The glut of e-readers heading to market is liable to result in significant casualties “ on the part of both buyers and manufacturers “ when all is said and done, according to an article in the Silicone Alley Insider (reprinted from Gizmodo). Reporting on the number of Kindle and Nook knock-offs that cropped up at this year’s Consumer Electronics Show, which wrapped up yesterday in Las Vegas, Wilson Rothman writes that the people who end up satisfied with their e-readers will be those who purchase a unit sold through a store they already buy books from (Amazon, Barnes & Noble) or those who buy a cheap, disposable reader with a wide range of file compatibilities, then end up pirating the books they want to read from torrent sites. Other purchasers will find to their chagrin that their new readers are incompatible with various digital rights management platforms that publishers insist on, or that they can’t import files from a Kindle or a Nook.
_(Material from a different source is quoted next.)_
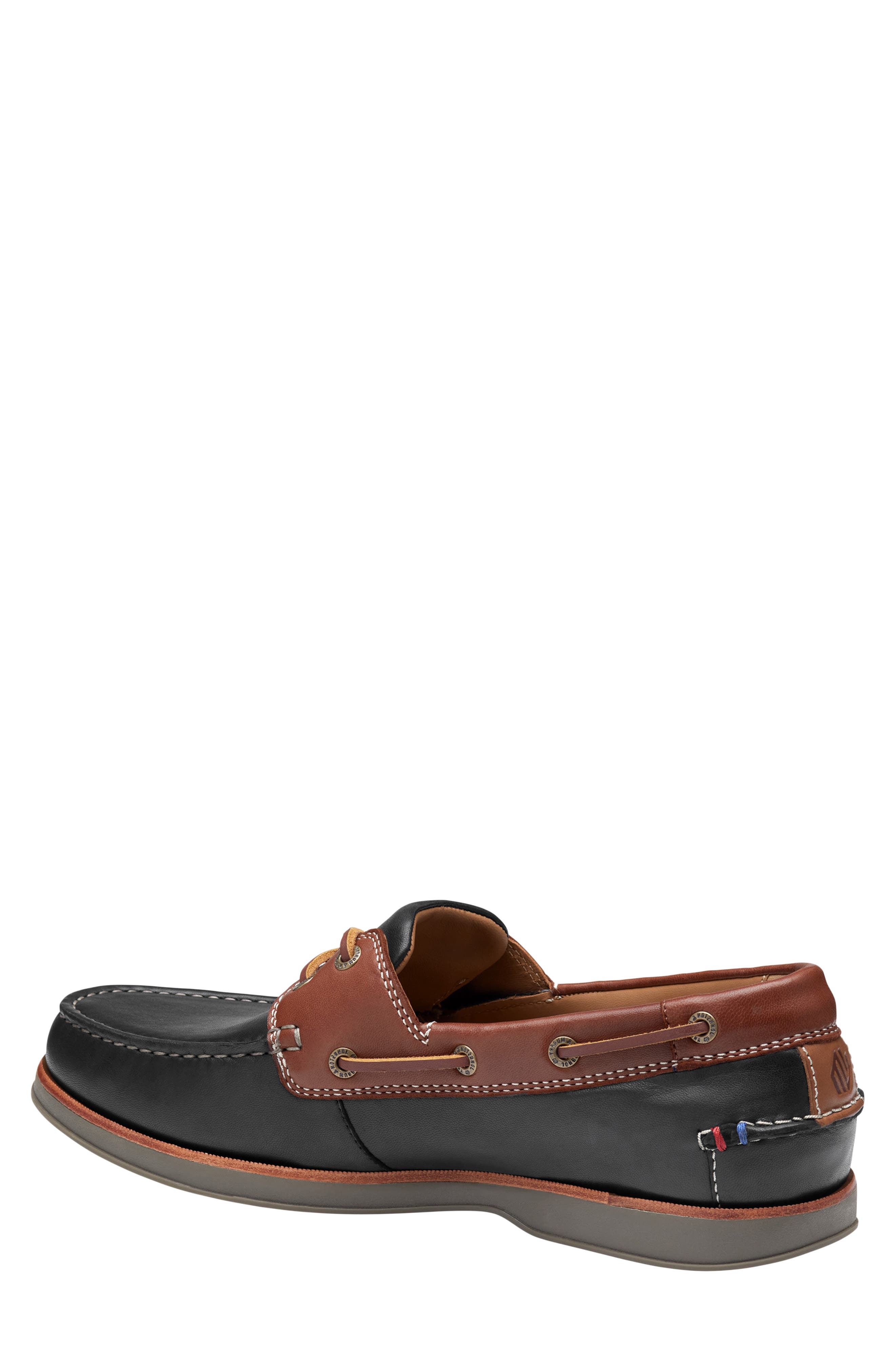 Johnston & Murphy Monaco Boat Shoe, Alternate, color, Black/ Brown Sheepskin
The innovation that made the flood of e-readers possible “ the introduction of e-ink “ is itself responsible for the current situation, writes Rothman:
But the introduction of e-ink-based readers by many big tech companies and a handful of feisty little ones threatens to sow confusion in the market place, encourage piracy, and screw over any company who gets in and then can’t really hack it against Kindle and Nook. And all of it will be a pointless exercise when long-lasting slates are a reality.
E-ink is an interim technology, a stopgap measure to keep our attention till we have full-color video tablets (slates?) whose batteries last for “days.” A flood in the market might ensure that everyone buys one by this coming Christmas, but it’ll become increasingly hard to distinguish the good from the bad, will emphasize cheap devices over quality of interface and service, and will render most people completely confused and off-put.
Whereas the Kindle vs. Nook showdown was once positioned as the VHS vs. Betamax of the e-reader technology, it now appears that a different comparison is more appropriate. Rothman points out that the number of imitation e-readers currently appearing in the marketplace more closely resemble the dozens of MP3 players that cropped up to compete with the iPod. And what happened to all of those, again?